**Requirement:** Take the entries below and reproduce exactly the portion that begins at the line containing "Bed and Breakfast" and ends at the line containing "Isuzu D-MAX 2011 White", keeping both ends, dropping pictures, and adding nothing else.

**The data:**
══════════════════════════════

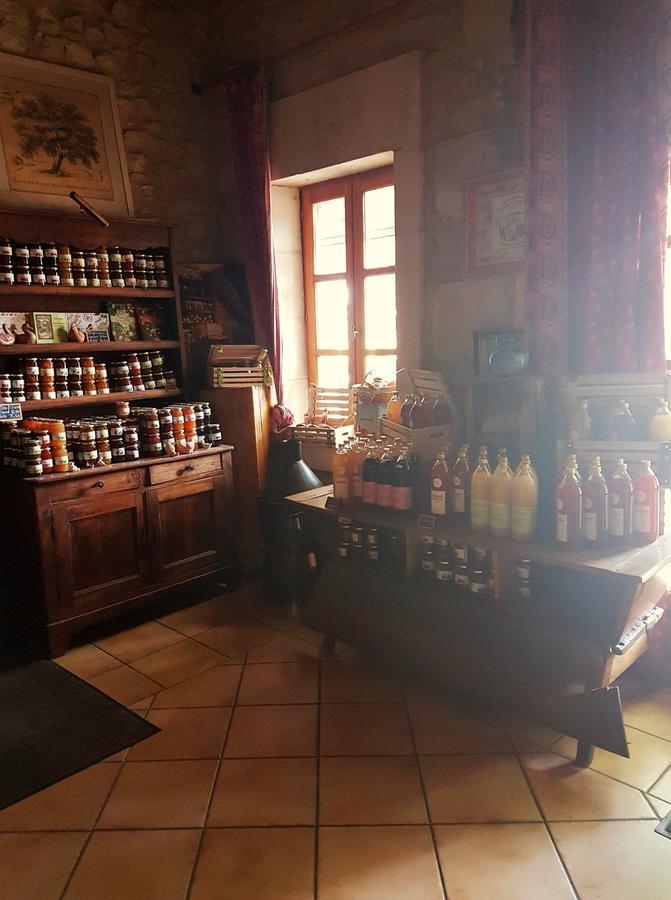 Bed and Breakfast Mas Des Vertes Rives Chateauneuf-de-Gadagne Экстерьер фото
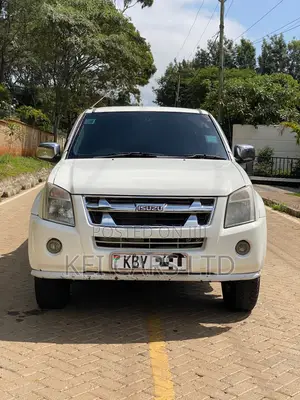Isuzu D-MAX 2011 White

══════════════════════════════

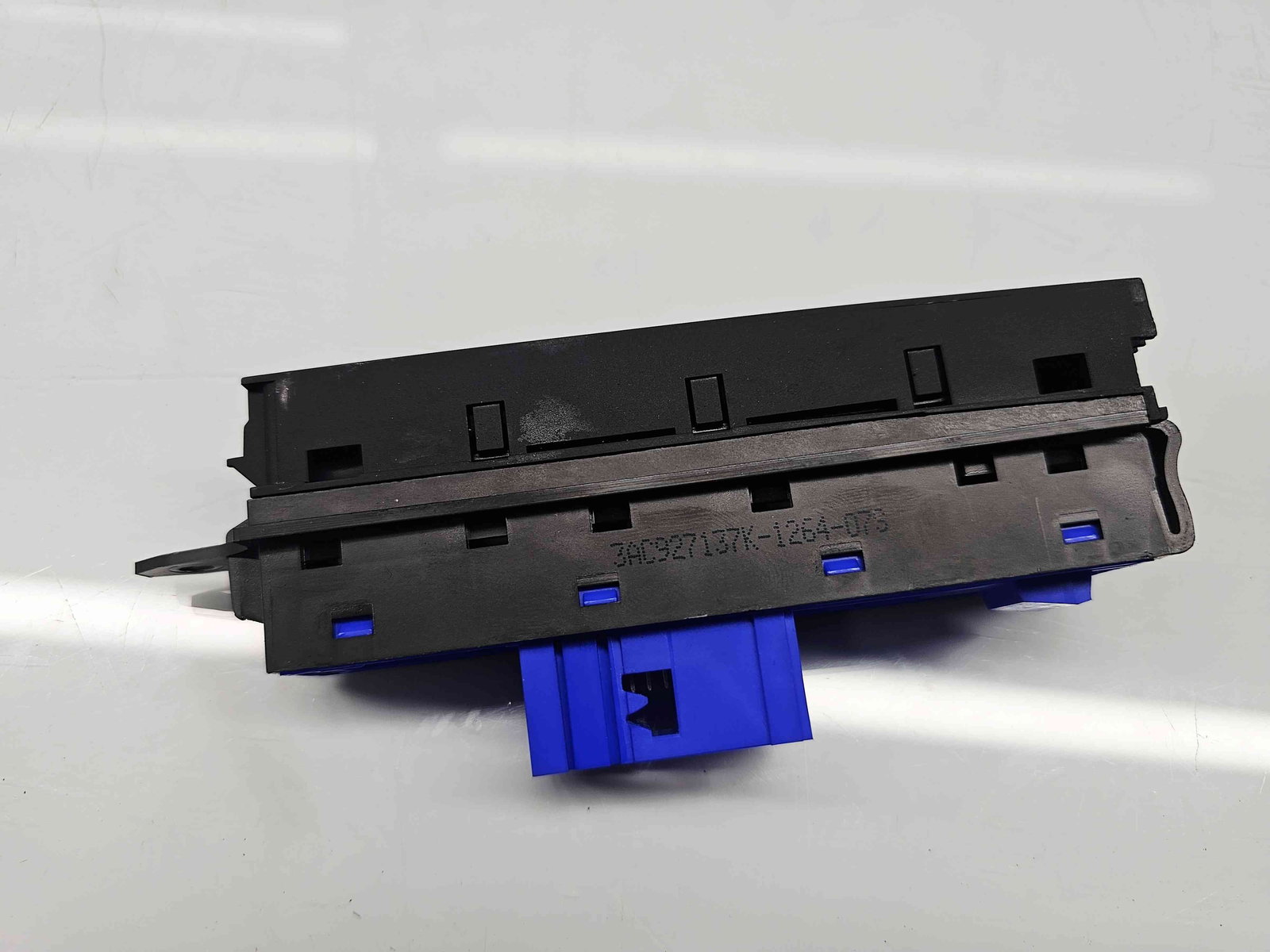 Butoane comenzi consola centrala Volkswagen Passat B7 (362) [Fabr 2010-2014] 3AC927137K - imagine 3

══════════════════════════════

**Exercise output:**
 Bed and Breakfast Mas Des Vertes Rives Chateauneuf-de-Gadagne Экстерьер фото
Isuzu D-MAX 2011 White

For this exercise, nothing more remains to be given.